There are days when I feel like this is a cop-out, but -- I've exhausted my legal options when it comes to getting full custody of my kids. So I've handed it over to my HP and I'm controlling what I can control: What goes on at MY house.

My AXH also insists on having the kids -- and then the weekends go like this: He goes out to breakfast with some business partners on Saturday mornings, comes home around lunch for a while, usually goes in to the office between 1 and 5 or so, comes home for a couple of hours, and then goes to his drinking buddy's house and doesn't come home until the kids are asleep. Sunday, he goes to a morning Bible study and leaves the kids home, and then comes home and sleeps until 2 or so when I pick the kids up.

Your kids are younger than mine, which makes it harder. But I think kids get it. I've been very straightforward with them about alcoholism -- and about how their dad isn't an evil person but he has a disease. I don't think you need to tell them that he's not taking care of them. They know that, on some level.
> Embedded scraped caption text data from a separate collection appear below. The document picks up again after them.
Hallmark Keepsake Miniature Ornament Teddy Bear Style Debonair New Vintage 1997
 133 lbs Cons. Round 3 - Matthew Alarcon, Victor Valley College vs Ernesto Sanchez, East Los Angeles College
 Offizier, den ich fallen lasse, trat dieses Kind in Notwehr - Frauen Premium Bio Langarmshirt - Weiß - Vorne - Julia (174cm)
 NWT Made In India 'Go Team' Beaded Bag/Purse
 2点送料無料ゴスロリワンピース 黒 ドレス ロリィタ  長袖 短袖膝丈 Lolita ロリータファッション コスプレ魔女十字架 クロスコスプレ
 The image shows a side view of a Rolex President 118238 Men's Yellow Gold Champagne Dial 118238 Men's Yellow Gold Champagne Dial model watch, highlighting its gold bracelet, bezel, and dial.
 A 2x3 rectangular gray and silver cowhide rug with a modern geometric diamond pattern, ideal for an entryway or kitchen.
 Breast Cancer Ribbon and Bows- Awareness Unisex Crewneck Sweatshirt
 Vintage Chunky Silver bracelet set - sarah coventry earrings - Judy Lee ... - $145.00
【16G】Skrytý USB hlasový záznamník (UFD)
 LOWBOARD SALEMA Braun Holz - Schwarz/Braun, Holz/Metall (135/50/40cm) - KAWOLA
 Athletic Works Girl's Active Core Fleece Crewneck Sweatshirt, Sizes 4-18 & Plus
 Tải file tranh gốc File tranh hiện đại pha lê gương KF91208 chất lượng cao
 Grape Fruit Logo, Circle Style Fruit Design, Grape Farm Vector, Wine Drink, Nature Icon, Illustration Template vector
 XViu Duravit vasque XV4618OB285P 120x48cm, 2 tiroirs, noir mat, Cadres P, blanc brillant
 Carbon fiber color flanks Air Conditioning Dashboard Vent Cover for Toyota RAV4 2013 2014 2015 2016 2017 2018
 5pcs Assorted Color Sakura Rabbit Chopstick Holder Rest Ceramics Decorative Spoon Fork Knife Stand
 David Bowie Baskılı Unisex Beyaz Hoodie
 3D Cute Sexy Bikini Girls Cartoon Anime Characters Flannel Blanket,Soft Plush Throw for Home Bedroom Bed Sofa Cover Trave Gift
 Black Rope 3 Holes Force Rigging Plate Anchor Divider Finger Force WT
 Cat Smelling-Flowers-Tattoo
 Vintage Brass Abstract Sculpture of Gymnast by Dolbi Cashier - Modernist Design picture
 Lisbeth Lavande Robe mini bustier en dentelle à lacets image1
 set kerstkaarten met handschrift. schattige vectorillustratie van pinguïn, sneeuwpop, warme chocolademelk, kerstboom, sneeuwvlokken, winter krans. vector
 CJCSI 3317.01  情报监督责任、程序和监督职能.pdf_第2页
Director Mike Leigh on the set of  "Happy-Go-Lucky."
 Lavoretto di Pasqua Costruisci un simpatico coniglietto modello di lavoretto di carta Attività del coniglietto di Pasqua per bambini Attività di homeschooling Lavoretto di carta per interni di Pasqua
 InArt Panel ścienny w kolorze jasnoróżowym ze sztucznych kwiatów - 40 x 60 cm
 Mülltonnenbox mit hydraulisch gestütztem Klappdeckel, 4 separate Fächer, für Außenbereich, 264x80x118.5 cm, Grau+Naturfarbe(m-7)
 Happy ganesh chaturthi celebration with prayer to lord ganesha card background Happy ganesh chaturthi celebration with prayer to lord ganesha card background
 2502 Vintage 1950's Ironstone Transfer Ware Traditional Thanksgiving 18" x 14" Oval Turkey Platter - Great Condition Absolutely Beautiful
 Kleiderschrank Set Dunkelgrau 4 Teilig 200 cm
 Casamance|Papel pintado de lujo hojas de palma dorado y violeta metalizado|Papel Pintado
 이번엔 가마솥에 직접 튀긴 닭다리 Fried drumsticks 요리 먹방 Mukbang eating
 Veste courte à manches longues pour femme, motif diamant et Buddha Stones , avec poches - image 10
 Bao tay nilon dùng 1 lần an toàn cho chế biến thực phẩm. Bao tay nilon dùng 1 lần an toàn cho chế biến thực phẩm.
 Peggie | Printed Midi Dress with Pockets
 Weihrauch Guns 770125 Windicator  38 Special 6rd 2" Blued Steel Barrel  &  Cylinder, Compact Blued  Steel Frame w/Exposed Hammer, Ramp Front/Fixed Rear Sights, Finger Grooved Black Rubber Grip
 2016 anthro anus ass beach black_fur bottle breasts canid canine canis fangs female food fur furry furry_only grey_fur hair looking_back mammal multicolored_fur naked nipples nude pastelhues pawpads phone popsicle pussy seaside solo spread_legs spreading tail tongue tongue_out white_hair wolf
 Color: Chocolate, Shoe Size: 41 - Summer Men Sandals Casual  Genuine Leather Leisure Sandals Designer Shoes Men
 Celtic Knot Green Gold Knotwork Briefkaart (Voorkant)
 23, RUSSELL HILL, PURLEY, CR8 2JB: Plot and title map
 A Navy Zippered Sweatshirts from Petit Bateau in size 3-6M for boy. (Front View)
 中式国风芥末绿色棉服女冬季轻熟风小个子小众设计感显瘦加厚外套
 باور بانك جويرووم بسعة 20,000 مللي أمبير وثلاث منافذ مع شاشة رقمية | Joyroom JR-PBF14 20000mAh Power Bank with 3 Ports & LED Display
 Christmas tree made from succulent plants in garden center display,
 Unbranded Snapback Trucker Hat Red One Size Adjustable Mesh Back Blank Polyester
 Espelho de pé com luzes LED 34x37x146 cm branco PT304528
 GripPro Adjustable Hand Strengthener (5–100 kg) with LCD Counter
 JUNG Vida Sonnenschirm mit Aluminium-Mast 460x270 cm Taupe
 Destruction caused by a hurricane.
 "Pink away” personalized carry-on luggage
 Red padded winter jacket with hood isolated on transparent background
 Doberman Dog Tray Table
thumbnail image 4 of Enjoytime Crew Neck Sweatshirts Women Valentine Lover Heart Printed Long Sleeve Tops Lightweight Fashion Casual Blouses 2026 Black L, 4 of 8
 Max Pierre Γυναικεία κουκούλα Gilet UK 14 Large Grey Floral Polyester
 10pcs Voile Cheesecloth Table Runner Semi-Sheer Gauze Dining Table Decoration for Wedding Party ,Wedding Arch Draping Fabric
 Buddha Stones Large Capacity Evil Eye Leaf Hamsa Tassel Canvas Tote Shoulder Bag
Mine just got back from spring break at their dad's house. I don't think they had showered or eaten a single cooked meal in a week. They were happy to be home. They love their dad, but they don't see him as an adult. They have no expectations of him. They don't confide in him. They don't trust him. They're sort of afraid of him, and afraid for him.

As for the girlfriend -- I'd set really strict boundaries with her. Tell her that you don't care what she does with your ex, but that she's not part of YOUR life, and that parenting decisions are made by you and your ex jointly. And tell him the same thing. Wish him (them) good luck and speak well of her to your children. Who knows, the kids may be better off sleeping on her floor and being supervised than staying with your AXH alone if he's drunk?